US 12,343,874 B2
	Reinforcement and imitation learning for a task
Saran Tunyasuvunakool, London (GB); Yuke Zhu, Stanford, CA (US); Joshua Merel, Chicago, IL (US); János Kramár, London (GB); Ziyu Wang, Markham (CA); and Nicolas Manfred Otto Heess, London (GB)
Assigned to DeepMind Technologies Limited, London (GB)
Filed by DeepMind Technologies Limited, London (GB)
Filed on Apr. 25, 2023, as Appl. No. 18/306,711.
Application 18/306,711 is a continuation of application No. 16/174,112, filed on Oct. 29, 2018, abandoned.
Claims priority of provisional application 62/578,368, filed on Oct. 27, 2017.
Prior Publication US 2023/0330848 A1, Oct. 19, 2023
Int. Cl. B25J 9/16 (2006.01); G06N 3/008 (2023.01); G06N 3/044 (2023.01); G06N 3/045 (2023.01); G06N 3/08 (2023.01); G06N 3/084 (2023.01)
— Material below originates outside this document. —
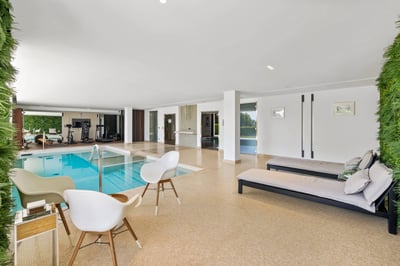 Luxury Villa Photo #10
CPC B25J 9/163 (2013.01) [B25J 9/161 (2013.01); B25J 9/1697 (2013.01); G06N 3/008 (2013.01); G06N 3/044 (2023.01); G06N 3/045 (2023.01); G06N 3/08 (2013.01); G06N 3/084 (2013.01)]

20 Claims

1. A computer-implemented method for controlling a robotic agent to perform a task, the method comprising:

obtaining, for each of a plurality of performances of the task by a real-world agent controlled by an operator in a real-world environment, a respective demonstration dataset characterizing the corresponding performance of the task in the real-world environment; and

training a neural network for controlling a simulated robotic agent to perform the task in a simulated environment using the demonstration dataset, the training comprising:

obtaining (i) simulated image data encoding simulated camera images characterizing a current state of the simulated environment and (ii) simulated proprioceptive data comprising one or more variables characterizing configurations of the simulated robotic agent;

processing at least (i) the simulated image data and (ii) the simulated proprioceptive data using the neural network, according to current values of parameters of the neural network, to generate one or more sets of control commands for controlling movements of a plurality of components of the simulated robotic agent;

for each set of control commands, computing a task reward value characterizing how successfully the task is carried out upon implementation of the set of control commands by the simulated robotic agent in the simulated environment; and

adjusting the parameters of the neural network based on a hybrid energy function including (i) an imitation reward value derived using the demonstration datasets obtained for the real-world environment and the sets of control commands generated for the simulated environment and (ii) a task reward term computed using the task reward values; and

using the trained neural network to control the real-world robotic agent to perform the task in the real-world environment.